Latihan melihat sesuatu dalam wajah sejati adalah apa yang selalu dipraktekkan di Maiyahan. Merujuk kembali rumus Mas Sabrang tentang cara pandang, sudut pandang, dan resolusi pandang, jamaah membiasakan untuk berproses otentik sendiri agar punya kemerdekaan pemikiran.
Merawat Pepohonan Nilai dalam Kebun Maiyah
Diskusi yang semakin padat malam itu kemudian disambung dengan jeda beberapa nomor dari Mbak Novia bersama KiaiKanjeng.

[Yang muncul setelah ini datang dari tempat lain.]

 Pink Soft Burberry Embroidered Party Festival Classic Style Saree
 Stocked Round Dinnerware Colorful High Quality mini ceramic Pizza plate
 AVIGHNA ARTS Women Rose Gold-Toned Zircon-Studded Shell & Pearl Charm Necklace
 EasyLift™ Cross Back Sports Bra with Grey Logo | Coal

Menjadi sebuah hadiah istimewa ketika beliau menyempatkan dan bersedia menambah kemeriahan di tengah-tengah acara.
Maiyahan memang bukan seperti pengajian pada umumnya. Di tengah acara bisa saja ada wokshop dan beragam simulasi. Seperti malam itu, Cak Nun mulai menyebut dua kata: Substansi dan Metodologi. Cara pandang substansi dan metodologi ini perlu ditinjau kembali agar bisa mengenali mana piranti dan mana tujuan. Beliau mengakrabkan jamaah pada ketelitian cara berpikir, supaya terus berhati-hati mengolah infomasi. Jamaah diajak menemukan persambungan Maiyah dalam kehidupannya.
“Menurut anda, manusia melihat alam ini sebagai apa?” tanya Cak Nun. Jamaah kompak menjawab: sebagai alat. Pengertian alat yang dimaksud adalah bahwa alam digunakan untuk memenuhi kepentigan manusia saja.

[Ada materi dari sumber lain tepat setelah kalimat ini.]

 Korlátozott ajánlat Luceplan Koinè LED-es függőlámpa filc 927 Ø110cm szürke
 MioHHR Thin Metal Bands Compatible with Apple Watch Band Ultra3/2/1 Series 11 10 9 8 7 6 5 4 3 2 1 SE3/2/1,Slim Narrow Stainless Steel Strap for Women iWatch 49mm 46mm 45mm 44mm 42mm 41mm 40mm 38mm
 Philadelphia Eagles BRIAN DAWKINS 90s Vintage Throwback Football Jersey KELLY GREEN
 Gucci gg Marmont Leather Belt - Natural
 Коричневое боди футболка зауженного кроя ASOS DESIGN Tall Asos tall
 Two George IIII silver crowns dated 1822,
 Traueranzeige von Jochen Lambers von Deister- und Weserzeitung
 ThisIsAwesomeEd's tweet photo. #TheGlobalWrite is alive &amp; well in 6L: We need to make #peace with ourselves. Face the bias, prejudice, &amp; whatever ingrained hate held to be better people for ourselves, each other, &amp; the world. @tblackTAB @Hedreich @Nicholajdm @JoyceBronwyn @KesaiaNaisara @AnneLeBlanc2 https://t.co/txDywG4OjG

Dalam tradisi Jawa, alam diperlakukan sebagai sesama makhluk. Benda-benda ‘dimanusiakan’ oleh orang tua kita. Diberi nama, dan dihormati selayaknya manusia memperlakukan manusia lain. Dari sudut pandang Islam, alam diperlakukan sebagai ‘saudara tua’ – sebab ia ada sebelum diciptakan manusia. Kepada alam manusia diajak kontemplatif atas kesejatian hidup.

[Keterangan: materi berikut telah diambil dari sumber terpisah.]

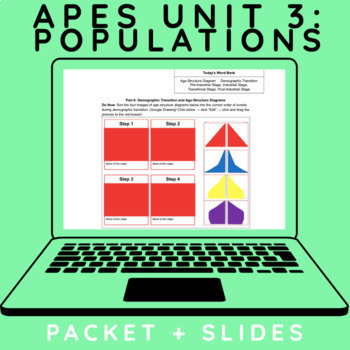 Preview of AP Environmental Science Unit 3: Populations PACKET & SLIDES (Full Unit)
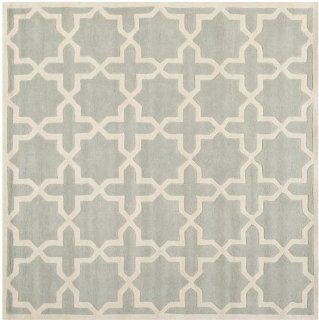 Safavieh CHT732E Chatham Collection Square Area Rug, 9 Feet, Grey and Ivory  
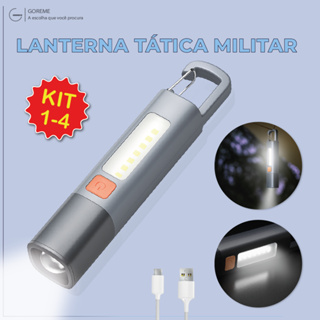 Lanterna Tática Led Recarregável Com Gancho e Zoom 1000LM Luminária com USB Luz Lateral em Oferta na Shopee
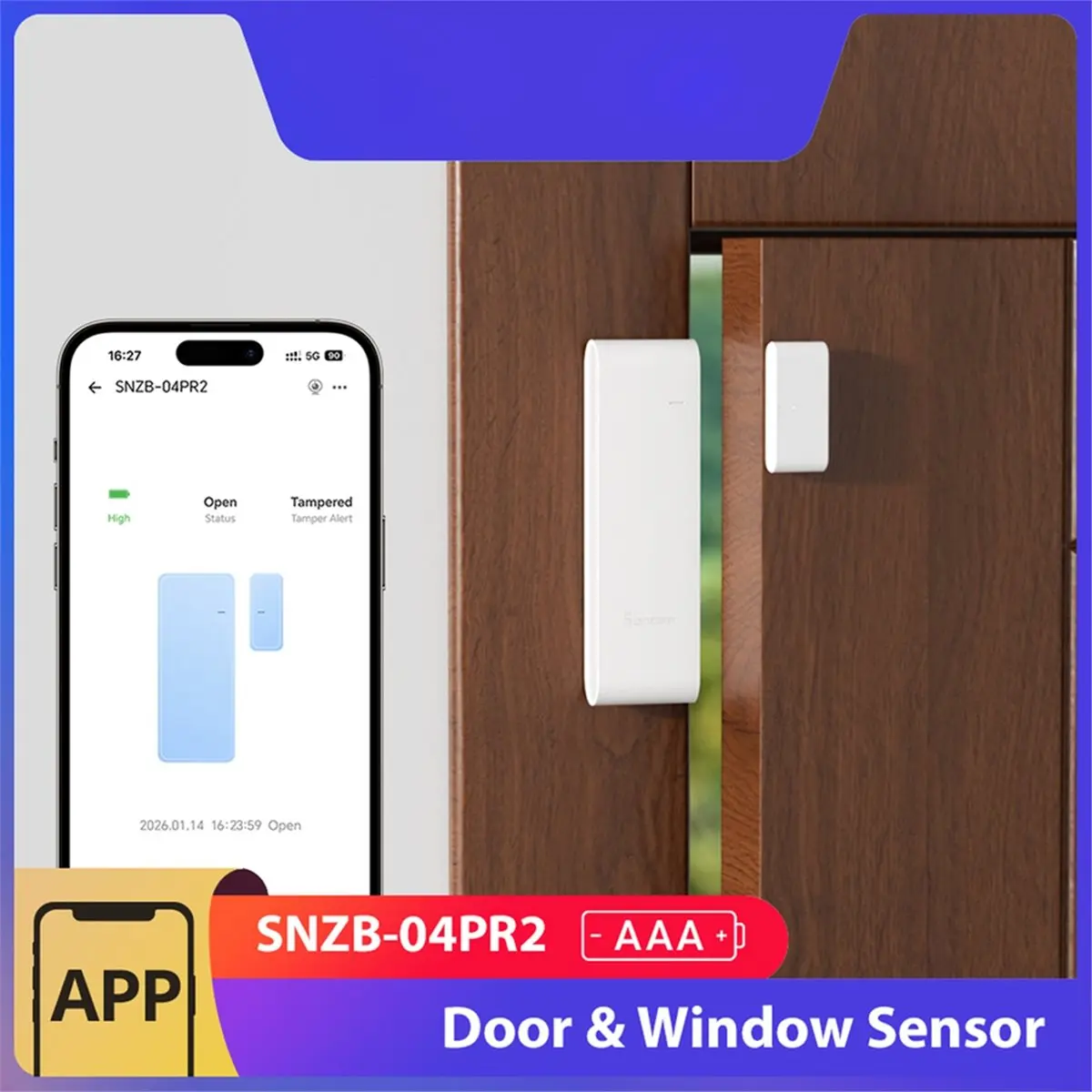 Фото АКЦИЯ~ SNZB-04PR2 SenseGuard Gen2 Zigbee датчик открытия двери/окна, активная защита с оповещением о взломе, мониторинг через приложение с помощью ZBBridge-P №2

Cak Nun membacakan pula Surat Ibrahim ayat 24-26 yang menyebut pohon sebagai perumpamaan perbuatan manusia semasa hidup. Kepada pohon kita diajak Allah untuk belajar cara pandang. Tadabbur ayat tersebut merimbun hingga pada bahasan Hutan, Kebun, dan Taman.
Menggunakan personifikasi Pohon, Cak Nun mendaftar satu persatu sesuai tempat tumbuhnya menjadi tiga. Hutan, di mana semua tumbuh begitu saja secara liar. Di kebun, ketika tumbuhnya perlu dirawat dan diusahakan sedemikian rupa sehingga menghasilkan kebermanfaatan. Dan pohon taman, ketika sudah otomatis tinggal dinikmati fungsinya. “Maiyah adalah kebun yang ada pohon-pohonnya dalam ruang dan selama waktu.” ucap Cak Nun.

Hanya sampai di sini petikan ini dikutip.